» WHAT THE TASK REQUIRES
The entries below need to be transcribed exactly, without their images.

DATA EXCERPTS Block Start

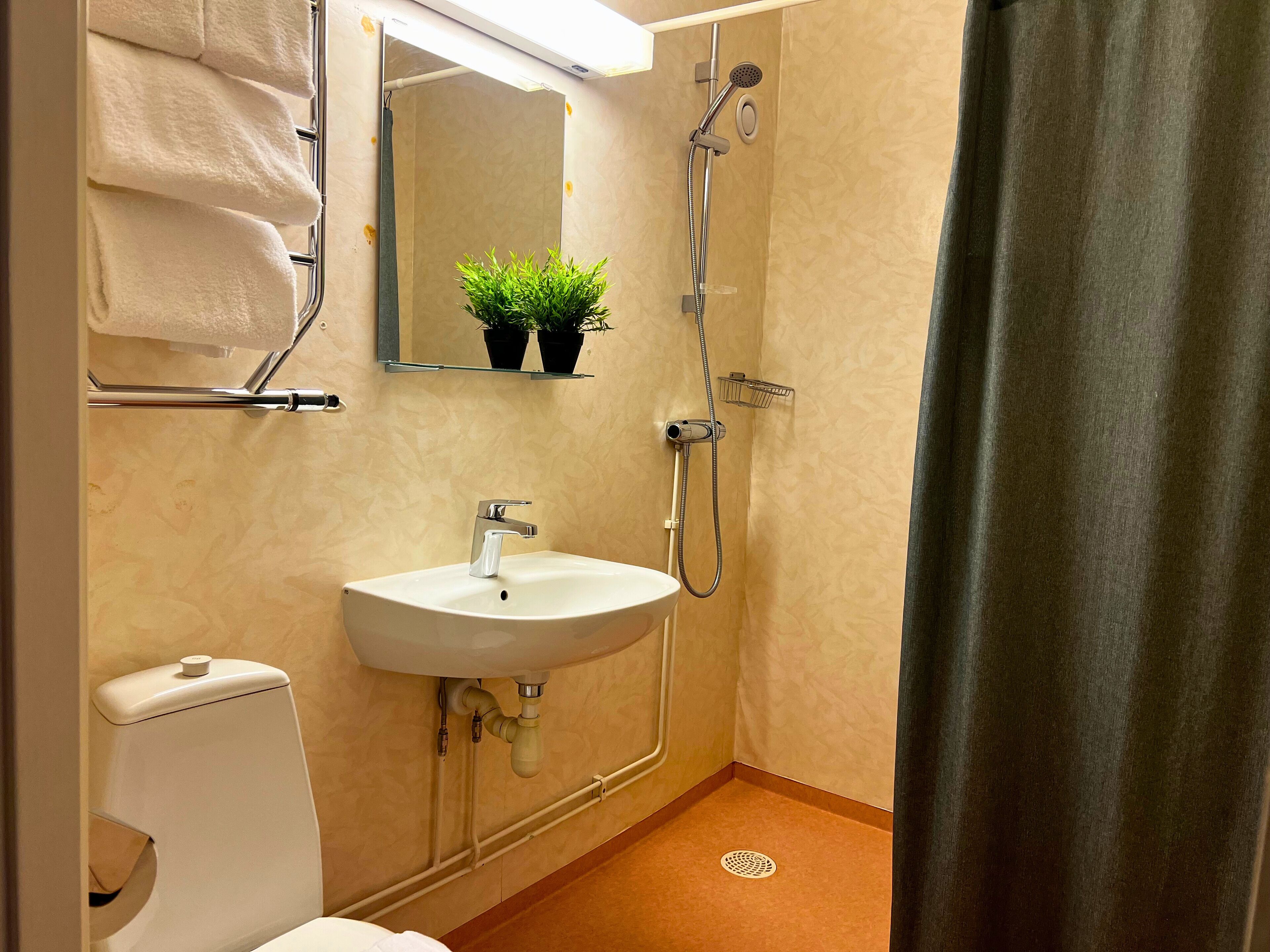 A bathroom with a white sink, a mirror, a shower, and a toilet.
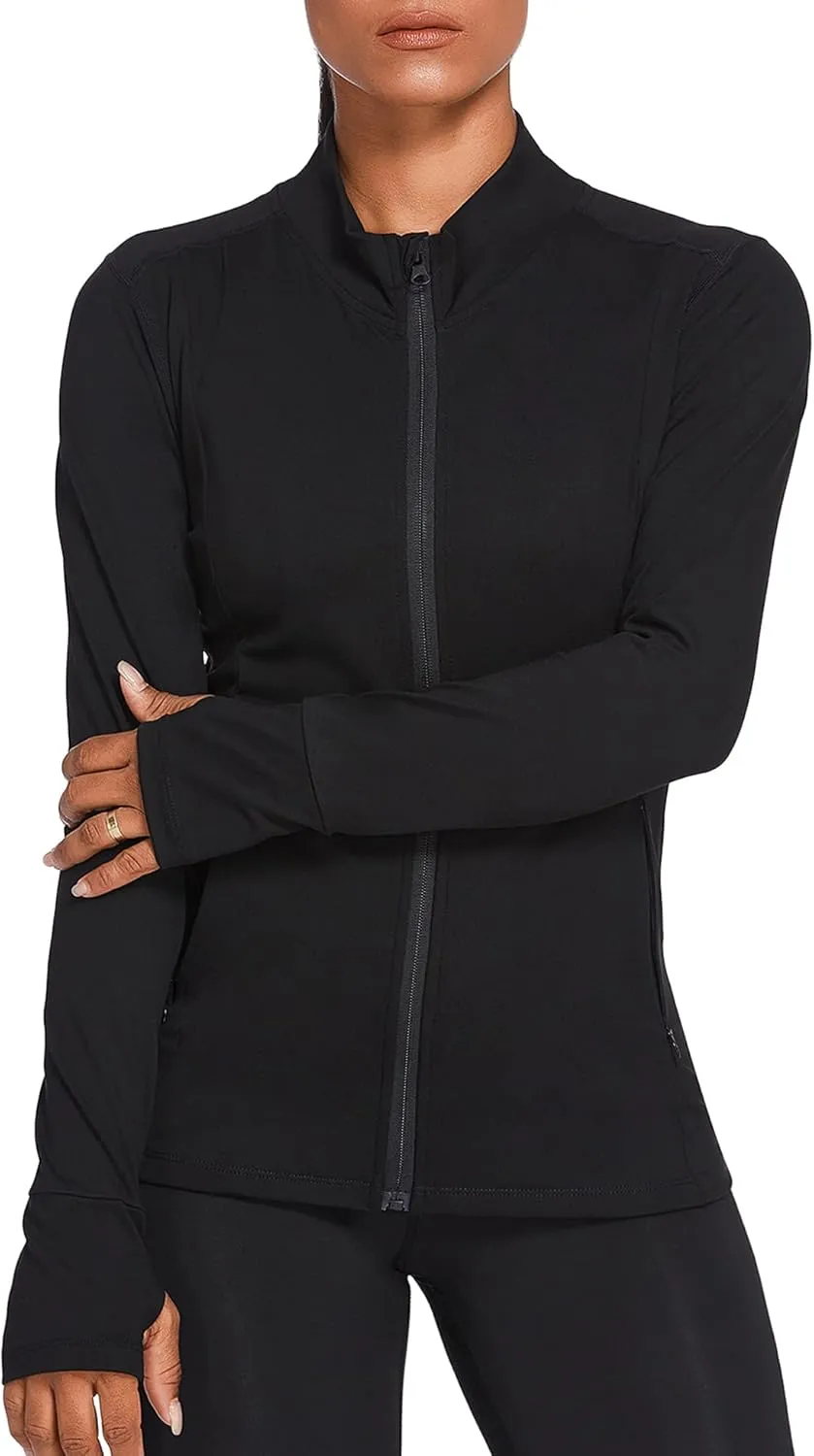 Women's Track Jacket Breathable Running Jacket Zip Up Sportswear Slim Fit Workout Tops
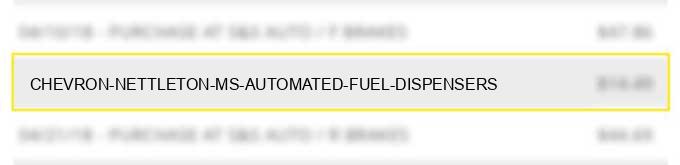 chevron nettleton ms automated fuel dispensers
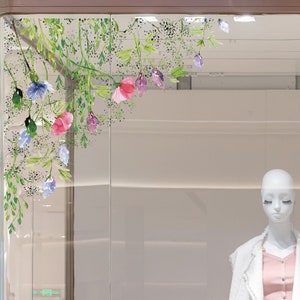 2x Meadow Flower Shop Window Decal Corners for Business Retail Café Store Display - Reusable Floral  Window Cling Stickers by Dizzy Duck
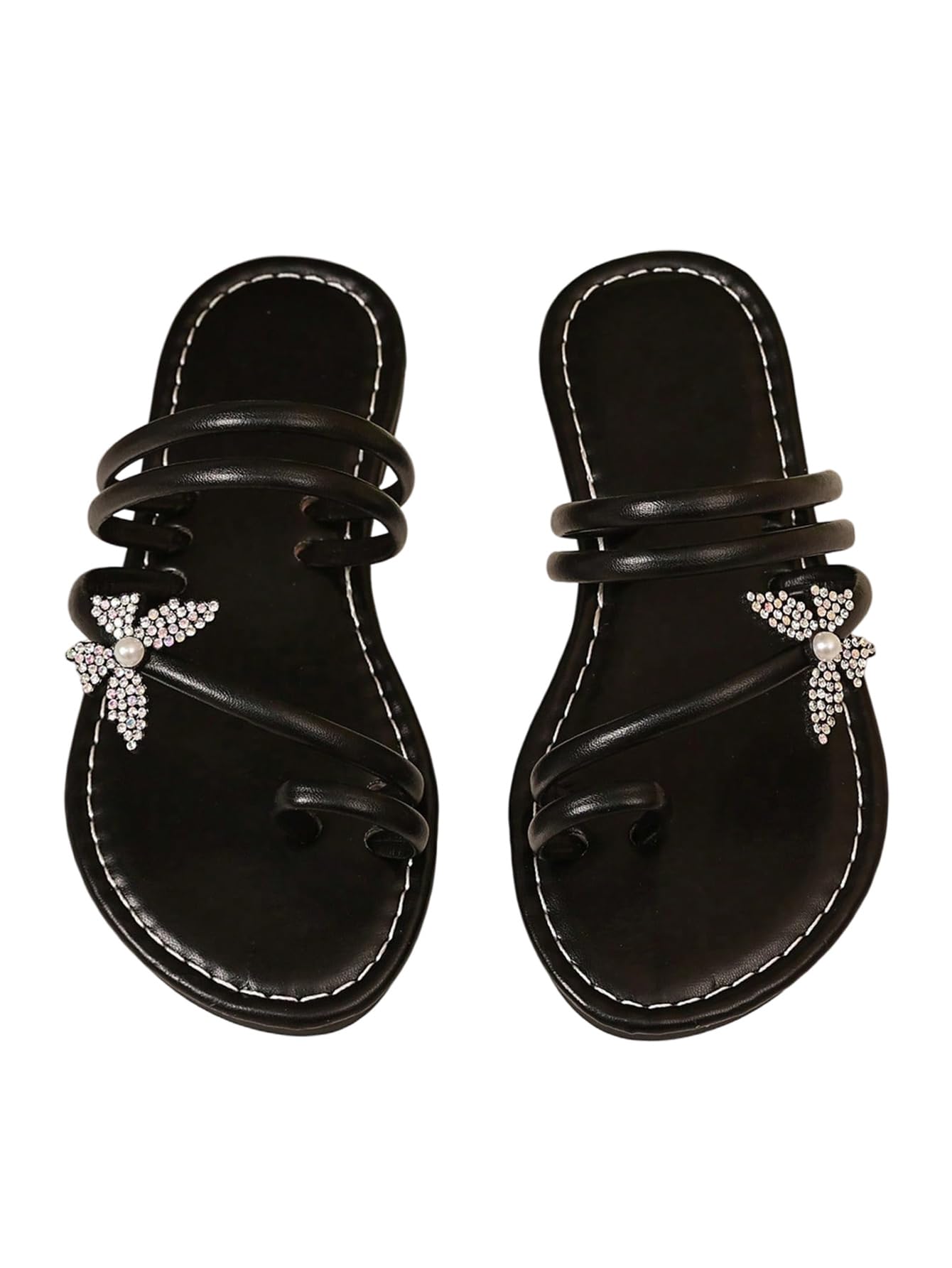 GORGLITTER Girl's Strappy Leather Flats Sandal Cute Braided Dressy Toe Ring Slip on Slide Sandals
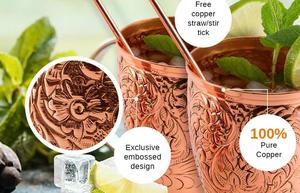 Taza de mula de Moscú brillante en relieve personalizada para decoración de utensilios de cocina de bar y accesorios de Bar a precio Minorista al por mayor - Product Image 3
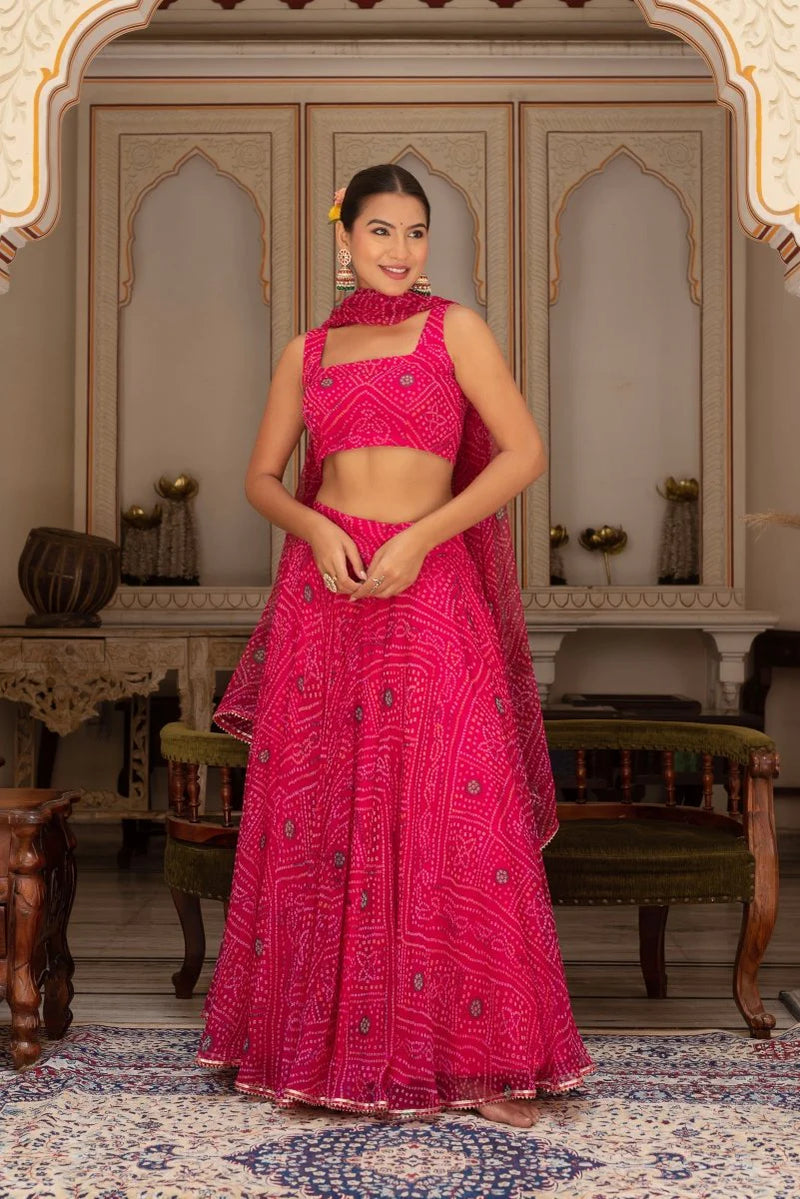 bandhani lehenga with dupatta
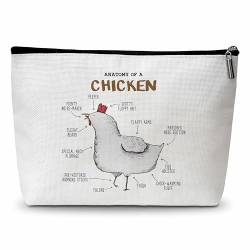 zriauber Chicken Gifts-Anatomy Of A Chicken Make-up-Tasche, Hühnerliebhaber, Geschenke, Huhn, Reißverschluss, Tasche Geschenk für Frau, Freundin, Mutter, Toilettenartikel, Zubehör, A22, von zriauber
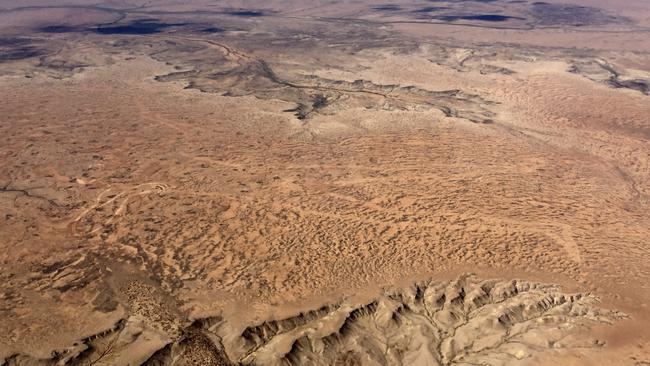 The newly-restored outline of the Marree Man. Picture: Greg Dunstan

DATA EXCERPTS Block End

» TASK RESPONSE
 A bathroom with a white sink, a mirror, a shower, and a toilet.
 Women's Track Jacket Breathable Running Jacket Zip Up Sportswear Slim Fit Workout Tops
 chevron nettleton ms automated fuel dispensers
 2x Meadow Flower Shop Window Decal Corners for Business Retail Café Store Display - Reusable Floral  Window Cling Stickers by Dizzy Duck
 GORGLITTER Girl's Strappy Leather Flats Sandal Cute Braided Dressy Toe Ring Slip on Slide Sandals
 Taza de mula de Moscú brillante en relieve personalizada para decoración de utensilios de cocina de bar y accesorios de Bar a precio Minorista al por mayor - Product Image 3
 bandhani lehenga with dupatta
 zriauber Chicken Gifts-Anatomy Of A Chicken Make-up-Tasche, Hühnerliebhaber, Geschenke, Huhn, Reißverschluss, Tasche Geschenk für Frau, Freundin, Mutter, Toilettenartikel, Zubehör, A22, von zriauber
 The newly-restored outline of the Marree Man. Picture: Greg Dunstan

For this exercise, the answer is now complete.